Our proprietary engine understands the difference because it was built specifically for OpenClaw's skill architecture, not adapted from a generic code scanner. It evaluates the full context: what file the pattern appears in, how data flows through the skill, whether external endpoints match known malicious infrastructure, and whether the behavior aligns with what the skill claims to do in its SOUL.md instructions.
That said, static analysis has inherent limits and we're transparent about that. If anyone encounters a false positive, we want to hear about it. You can report through our vulnerability disclosure policy at clawsecure.ai/vulnerability-disclosure or just drop it here. Every report makes the engine smarter.
Lancepilot
Does this only work with OpenClaw or can it extend to other agent frameworks?
ClawSecure
@priyankamandal You're right, that's a stronger frame. Here's a revised response:
Right now we're focused on OpenClaw because that's where the biggest security gap is. 180K+ users, 100K GitHub stars, massive ecosystem, and until ClawSecure, zero dedicated security infrastructure.
But yes, the plan is to bring this to all major open-source agent frameworks. The core architecture was built for exactly that. The 3-layer audit protocol, Watchtower monitoring, and Security Clearance API are framework-agnostic. Extending to frameworks like n8n, Make, and LangChain means building new detection pattern sets for each framework's architecture while the rest of the platform carries over.
OpenClaw is where we start. Securing every open-source agent framework is where we're headed.
Which frameworks are you working with?
Nas.io
Are there plans for alerts via Slack or Discord when Watchtower detects suspicious behavior?
ClawSecure
@nuseir_yassin1 Love this idea. Right now Watchtower alerts surface through updated Security Audit Reports on the platform and through the Security Clearance API, which any platform or marketplace can query programmatically for real-time status.
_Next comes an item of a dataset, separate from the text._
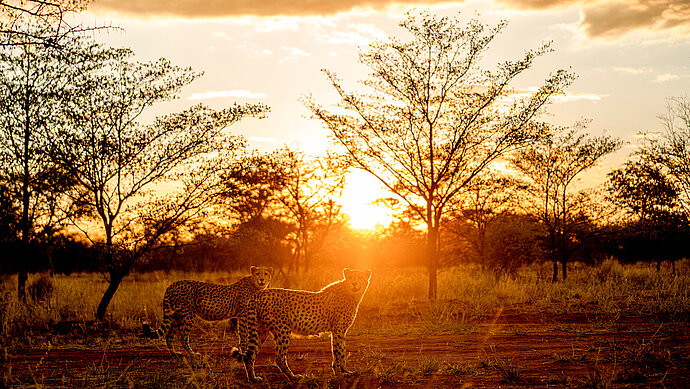 Namibia_Geparden.JPG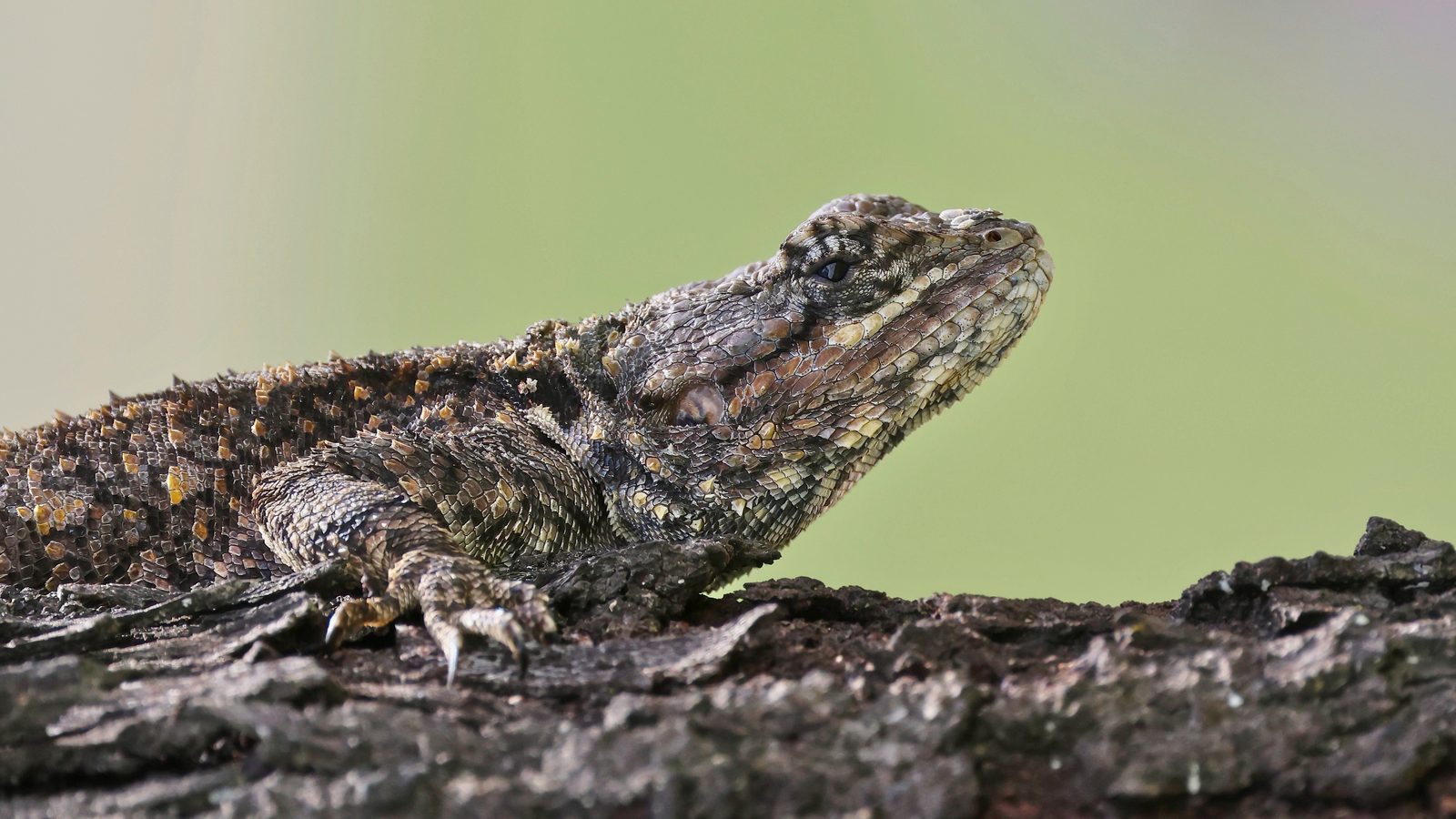 Lizard, basking on a log (ID unconfirmed), Zimbabwe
Slack and Discord integrations are on our roadmap. The infrastructure is already there since Watchtower generates the detection event the moment hash drift is caught. It's really a matter of building the notification layer on top. We're thinking Slack, Discord, email, and webhook options so teams can plug alerts into whatever workflow they already use.
If that's something you'd use, I'd love to know the setup. Are you running agents in production where you'd want real-time push notifications, or more for monitoring skills you're evaluating?
Lancepilot
This is honestly scary. 41% dangerous skills? Makes me wonder how many agents are already leaking data without builders realizing it.
ClawSecure
@istiakahmad That's exactly the right question to be asking. And the honest answer is: probably a lot more than anyone realizes.
The scariest stat isn't even the 41%. It's the 22.9% that changed their code after install. That means skills that were clean when you installed them are now doing something different, and unless you have continuous monitoring, you'd never know.
We built ClawSecure specifically so you don't have to wonder. Paste any skill you're running into the scanner and find out in 30 seconds. You might be surprised what's hiding in your stack.